Entries provided
◇ ◇ ◇ ◇ ◇ ◇ ◇
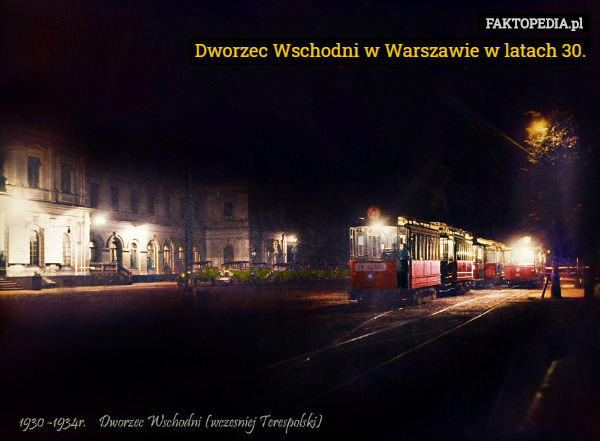Dworzec Wschodni w Warszawie w latach 30. 
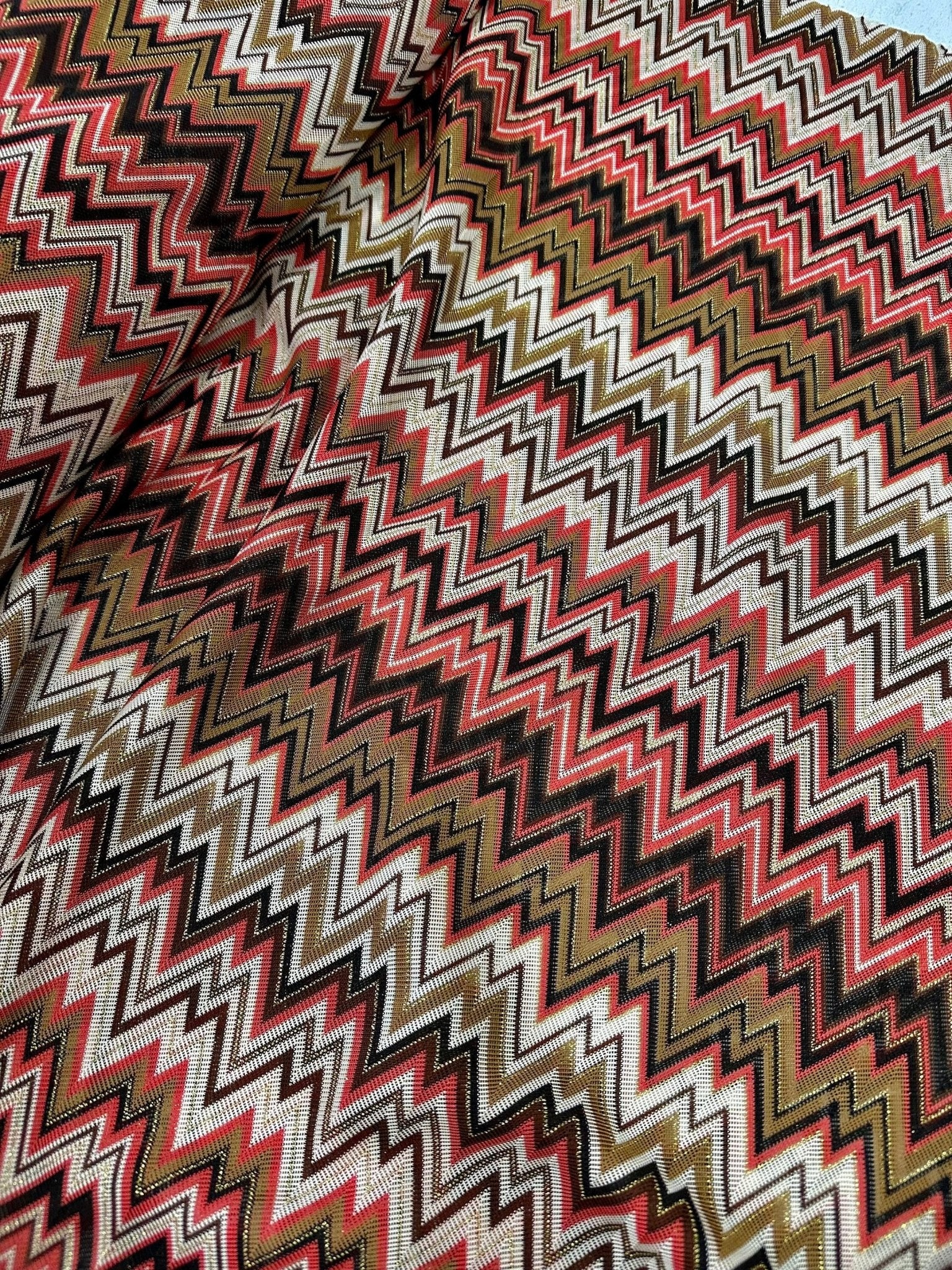 Mesh Fabric, Zigzag Knit Jersey fabric, Coral color elastic jersey,luxury fabric, Widht: 150 cm, italian zigzag - Whotex Online Fabric Store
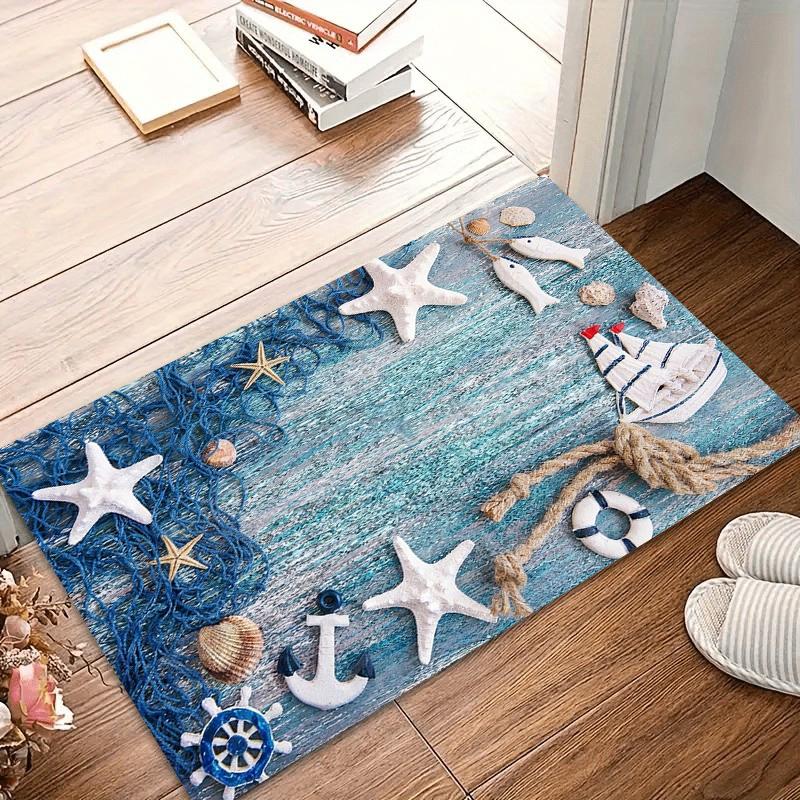 Lion Head Animal Doormat Wildlife Portrait Floor Mat Living Room Bedroom Entrance Welcome Mat Decor Rug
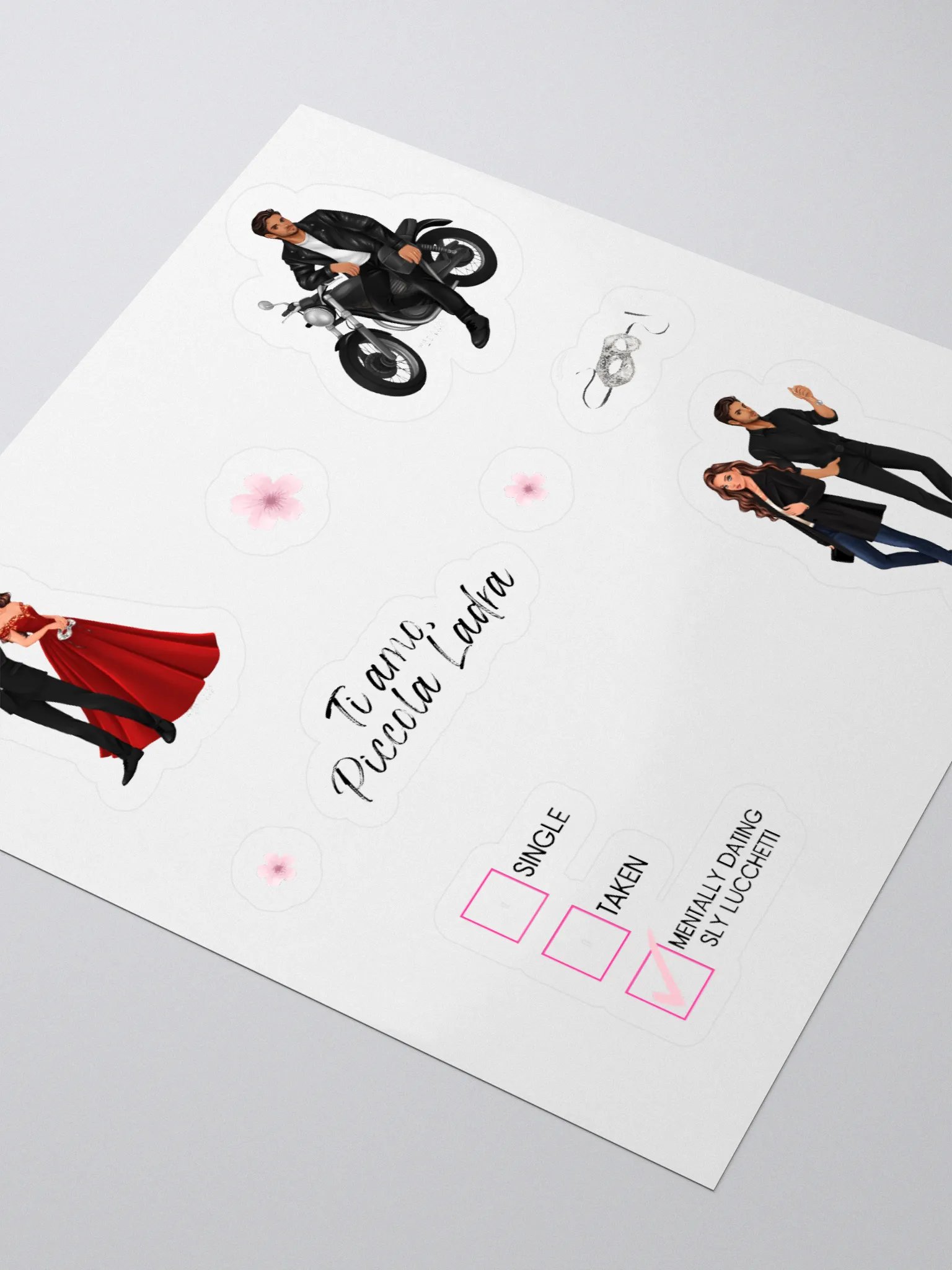 With a Kiss Sticker Sheet product image (3)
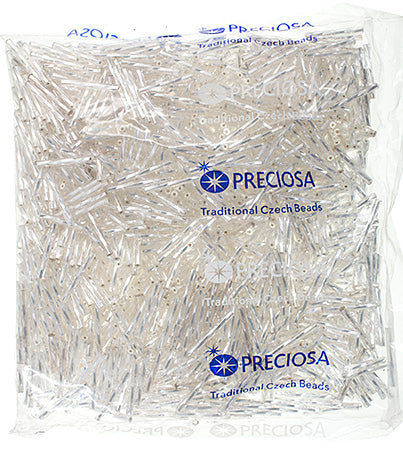 Czech Twisted Bugles Silver Lined Crystal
◇ ◇ ◇ ◇ ◇ ◇ ◇
About this exercise
The answer must match the entries above line for line, with the pictures dropped.

Your solution
Dworzec Wschodni w Warszawie w latach 30. 
 Mesh Fabric, Zigzag Knit Jersey fabric, Coral color elastic jersey,luxury fabric, Widht: 150 cm, italian zigzag - Whotex Online Fabric Store
 Lion Head Animal Doormat Wildlife Portrait Floor Mat Living Room Bedroom Entrance Welcome Mat Decor Rug
 With a Kiss Sticker Sheet product image (3)
 Czech Twisted Bugles Silver Lined Crystal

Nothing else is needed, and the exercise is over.